Calvert, NR students collaborate via technology
Two area schools have been tasked with “thinking differently” over the past week, working in collaboration across digital and city lines.
Seventh- and eighth-graders from Calvert Catholic Schools and New Riegel Local Schools have been working in partnership on projects focused on the lives of so-called misfits, Dave Kraft, technology teacher at Calvert, said.
Kraft and John Kramer, technology integration specialist for the North Central Ohio Educational Service Center, are bringing their classes together for this project.
The projects took students and put them together electronically in different classrooms, different buildings, even different districts and challenged them to put together a project. The projects were based on Apple’s 1997 “Think Differently” advertisement campaign. Each student selected from a list of iconic figures such as John Lennon, Amelia Earhart and Albert Einstein. From there, they worked in groups using Google Slides – a similar software platform similar to PowerPoint – to create a presentation of the person’s life.

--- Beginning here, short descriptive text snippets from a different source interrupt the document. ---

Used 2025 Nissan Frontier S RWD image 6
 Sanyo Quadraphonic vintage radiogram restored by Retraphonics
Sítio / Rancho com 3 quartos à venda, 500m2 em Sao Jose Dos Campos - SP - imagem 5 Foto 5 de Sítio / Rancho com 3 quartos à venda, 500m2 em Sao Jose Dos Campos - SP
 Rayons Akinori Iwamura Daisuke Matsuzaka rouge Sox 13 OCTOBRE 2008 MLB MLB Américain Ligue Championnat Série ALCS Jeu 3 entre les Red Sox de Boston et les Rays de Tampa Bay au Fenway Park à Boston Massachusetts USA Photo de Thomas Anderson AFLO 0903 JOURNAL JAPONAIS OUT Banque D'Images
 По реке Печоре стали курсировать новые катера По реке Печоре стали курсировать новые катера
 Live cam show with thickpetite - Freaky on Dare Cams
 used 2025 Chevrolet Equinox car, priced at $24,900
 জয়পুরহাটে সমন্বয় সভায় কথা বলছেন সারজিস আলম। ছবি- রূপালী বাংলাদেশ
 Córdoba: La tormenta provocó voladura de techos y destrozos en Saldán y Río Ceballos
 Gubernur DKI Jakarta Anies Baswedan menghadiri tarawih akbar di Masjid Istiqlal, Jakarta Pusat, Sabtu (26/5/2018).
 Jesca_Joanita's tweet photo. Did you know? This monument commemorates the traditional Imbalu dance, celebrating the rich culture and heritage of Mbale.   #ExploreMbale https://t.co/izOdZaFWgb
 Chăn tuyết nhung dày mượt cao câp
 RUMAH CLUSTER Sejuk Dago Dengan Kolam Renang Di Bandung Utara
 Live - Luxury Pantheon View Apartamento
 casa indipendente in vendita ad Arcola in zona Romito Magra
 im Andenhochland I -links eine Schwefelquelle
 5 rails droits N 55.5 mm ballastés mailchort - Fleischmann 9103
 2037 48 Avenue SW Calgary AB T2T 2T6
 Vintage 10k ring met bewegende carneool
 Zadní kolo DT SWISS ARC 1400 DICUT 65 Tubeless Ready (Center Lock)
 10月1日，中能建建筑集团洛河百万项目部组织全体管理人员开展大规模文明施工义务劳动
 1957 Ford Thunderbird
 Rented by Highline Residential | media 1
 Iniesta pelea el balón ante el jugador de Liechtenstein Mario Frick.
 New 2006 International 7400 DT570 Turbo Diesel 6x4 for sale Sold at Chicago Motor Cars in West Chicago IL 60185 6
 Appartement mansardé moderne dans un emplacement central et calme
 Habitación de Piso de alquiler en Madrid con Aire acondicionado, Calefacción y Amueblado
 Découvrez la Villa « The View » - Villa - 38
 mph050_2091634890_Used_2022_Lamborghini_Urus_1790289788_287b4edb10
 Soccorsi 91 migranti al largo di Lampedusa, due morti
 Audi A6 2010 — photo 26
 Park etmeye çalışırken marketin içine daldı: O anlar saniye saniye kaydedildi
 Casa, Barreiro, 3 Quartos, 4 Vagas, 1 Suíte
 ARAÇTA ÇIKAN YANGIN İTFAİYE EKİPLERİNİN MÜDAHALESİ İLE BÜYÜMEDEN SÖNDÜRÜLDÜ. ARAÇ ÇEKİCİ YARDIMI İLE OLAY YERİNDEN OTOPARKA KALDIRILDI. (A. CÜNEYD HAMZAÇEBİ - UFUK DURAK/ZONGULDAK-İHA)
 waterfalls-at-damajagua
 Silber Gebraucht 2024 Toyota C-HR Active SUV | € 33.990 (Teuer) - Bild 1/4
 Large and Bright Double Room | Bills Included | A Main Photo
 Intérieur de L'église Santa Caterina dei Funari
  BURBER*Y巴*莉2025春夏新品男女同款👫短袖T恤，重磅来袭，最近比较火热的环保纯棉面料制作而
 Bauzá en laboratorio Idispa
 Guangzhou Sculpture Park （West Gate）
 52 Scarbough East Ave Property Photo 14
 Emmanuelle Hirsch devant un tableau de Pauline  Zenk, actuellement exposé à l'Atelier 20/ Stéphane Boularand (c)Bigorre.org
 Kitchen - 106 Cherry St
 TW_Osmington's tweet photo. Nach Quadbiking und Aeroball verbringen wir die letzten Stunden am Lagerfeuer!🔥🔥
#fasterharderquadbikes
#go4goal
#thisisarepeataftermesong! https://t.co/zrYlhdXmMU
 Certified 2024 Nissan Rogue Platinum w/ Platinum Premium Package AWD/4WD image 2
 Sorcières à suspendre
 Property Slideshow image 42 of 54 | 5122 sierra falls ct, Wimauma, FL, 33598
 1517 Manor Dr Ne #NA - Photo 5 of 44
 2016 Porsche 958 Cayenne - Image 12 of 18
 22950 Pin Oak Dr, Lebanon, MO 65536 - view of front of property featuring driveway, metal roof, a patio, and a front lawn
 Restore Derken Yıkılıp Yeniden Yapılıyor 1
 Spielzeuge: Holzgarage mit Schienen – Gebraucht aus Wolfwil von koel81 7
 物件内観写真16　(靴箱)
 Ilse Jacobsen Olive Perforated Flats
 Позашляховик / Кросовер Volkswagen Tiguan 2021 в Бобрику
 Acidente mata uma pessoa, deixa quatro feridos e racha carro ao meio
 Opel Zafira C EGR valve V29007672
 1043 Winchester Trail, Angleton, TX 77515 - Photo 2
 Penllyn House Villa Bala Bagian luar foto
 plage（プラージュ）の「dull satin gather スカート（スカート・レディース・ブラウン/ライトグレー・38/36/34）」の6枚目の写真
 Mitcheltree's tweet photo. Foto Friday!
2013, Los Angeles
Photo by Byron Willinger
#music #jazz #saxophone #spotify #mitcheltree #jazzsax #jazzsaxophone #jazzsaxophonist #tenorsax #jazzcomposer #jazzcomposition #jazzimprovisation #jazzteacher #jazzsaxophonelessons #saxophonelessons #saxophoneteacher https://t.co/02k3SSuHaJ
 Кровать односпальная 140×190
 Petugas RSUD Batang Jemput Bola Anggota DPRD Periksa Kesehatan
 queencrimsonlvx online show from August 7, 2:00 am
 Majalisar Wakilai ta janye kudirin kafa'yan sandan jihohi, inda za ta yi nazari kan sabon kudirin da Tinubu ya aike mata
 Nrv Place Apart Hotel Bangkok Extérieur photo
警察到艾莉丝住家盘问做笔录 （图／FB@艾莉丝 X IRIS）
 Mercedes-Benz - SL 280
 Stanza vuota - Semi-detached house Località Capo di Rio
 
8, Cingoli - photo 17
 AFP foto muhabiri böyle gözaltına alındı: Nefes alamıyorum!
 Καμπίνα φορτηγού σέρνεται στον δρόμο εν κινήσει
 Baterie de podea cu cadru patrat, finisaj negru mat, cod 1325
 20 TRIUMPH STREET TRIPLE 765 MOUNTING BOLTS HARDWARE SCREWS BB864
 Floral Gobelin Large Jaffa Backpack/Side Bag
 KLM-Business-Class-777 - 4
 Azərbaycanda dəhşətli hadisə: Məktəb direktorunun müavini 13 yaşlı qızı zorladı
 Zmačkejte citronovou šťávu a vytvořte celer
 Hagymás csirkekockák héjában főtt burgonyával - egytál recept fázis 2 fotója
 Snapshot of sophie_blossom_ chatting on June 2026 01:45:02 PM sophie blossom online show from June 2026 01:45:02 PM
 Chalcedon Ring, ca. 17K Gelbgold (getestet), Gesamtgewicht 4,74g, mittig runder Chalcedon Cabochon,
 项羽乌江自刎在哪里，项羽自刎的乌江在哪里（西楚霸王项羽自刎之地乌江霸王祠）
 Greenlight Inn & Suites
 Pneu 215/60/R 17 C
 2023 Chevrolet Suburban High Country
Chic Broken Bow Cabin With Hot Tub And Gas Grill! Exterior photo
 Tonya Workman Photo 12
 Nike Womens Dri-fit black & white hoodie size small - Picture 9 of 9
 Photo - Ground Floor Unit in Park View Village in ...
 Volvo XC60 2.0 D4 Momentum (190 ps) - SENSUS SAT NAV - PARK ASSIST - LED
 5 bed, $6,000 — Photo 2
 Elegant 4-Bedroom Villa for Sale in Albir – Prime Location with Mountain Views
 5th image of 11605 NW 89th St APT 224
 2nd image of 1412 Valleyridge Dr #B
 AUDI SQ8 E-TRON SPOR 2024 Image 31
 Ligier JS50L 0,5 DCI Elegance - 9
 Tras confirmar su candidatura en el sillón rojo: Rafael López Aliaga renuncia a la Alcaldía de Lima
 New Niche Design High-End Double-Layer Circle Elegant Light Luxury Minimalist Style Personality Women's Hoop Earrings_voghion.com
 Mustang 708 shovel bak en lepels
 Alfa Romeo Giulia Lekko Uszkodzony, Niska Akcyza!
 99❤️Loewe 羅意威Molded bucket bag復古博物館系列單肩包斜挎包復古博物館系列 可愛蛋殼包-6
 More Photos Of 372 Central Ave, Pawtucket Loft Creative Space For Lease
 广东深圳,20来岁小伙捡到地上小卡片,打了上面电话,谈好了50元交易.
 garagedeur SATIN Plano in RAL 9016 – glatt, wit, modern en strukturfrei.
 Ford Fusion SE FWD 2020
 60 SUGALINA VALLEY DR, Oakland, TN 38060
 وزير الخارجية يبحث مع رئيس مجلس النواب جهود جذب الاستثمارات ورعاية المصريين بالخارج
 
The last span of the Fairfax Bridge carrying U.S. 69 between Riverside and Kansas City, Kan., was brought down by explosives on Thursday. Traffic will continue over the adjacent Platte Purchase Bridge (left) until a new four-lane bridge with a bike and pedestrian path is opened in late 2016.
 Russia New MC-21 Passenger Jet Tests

Ashlynn Deats, a student from Calvert, said she and her group selected Earhart. In the presentation, Deats and her team detail how Earhart thought differently, how she changed history, how she influenced others, how she influenced society and what happened to her.
Deats said they chose Earhart because “we felt she was the most interesting person to write about.”
Kraft said this is the first time the schools have worked like this together.
“This has been a nice way for students to connect with other students,” Kraft said.
To communicate, the students have a messaging system to write back and forth and, in case they need to speak with team members from the other school, Kraft said they are able to talk face-to-face in a live video stream.
Keven Rinaman, technology director at Calvert, said, “This is a new take on pen pals.”
Kraft said the students have been very engaged and are working well together.
“There are times where one student from Calvert or New Riegel will want to change something and they have to understand they need to communicate that change to their team,” Kraft said. “It is about understanding how everyone is different.”
Kramer too agrees communication is the major challenge between schools.
“Students from either New Riegel or Calvert at time send messages the others don’t always respond back,” Kramer said. “The challenge then is to learn how to communicate effectively.”
This project, according to Kraft, is bonding the two schools together.
“Most students only see other students from other schools at sports games,” he said. “This is a new level of learning.”
New Riegel students Ally Rumschlag and Ann Mahling are working on projects with their teams about Einstein.
Rumschlag said she has found the project to be easy, but is was hard to get used to.
“It has been hard to try to guess what the others are trying to say,” Mahling said.
The projects lead up to presentations which are to start Thursday.
Kraft said this opens more opportunities to collaborate like this in the future with New Riegel and other school districts.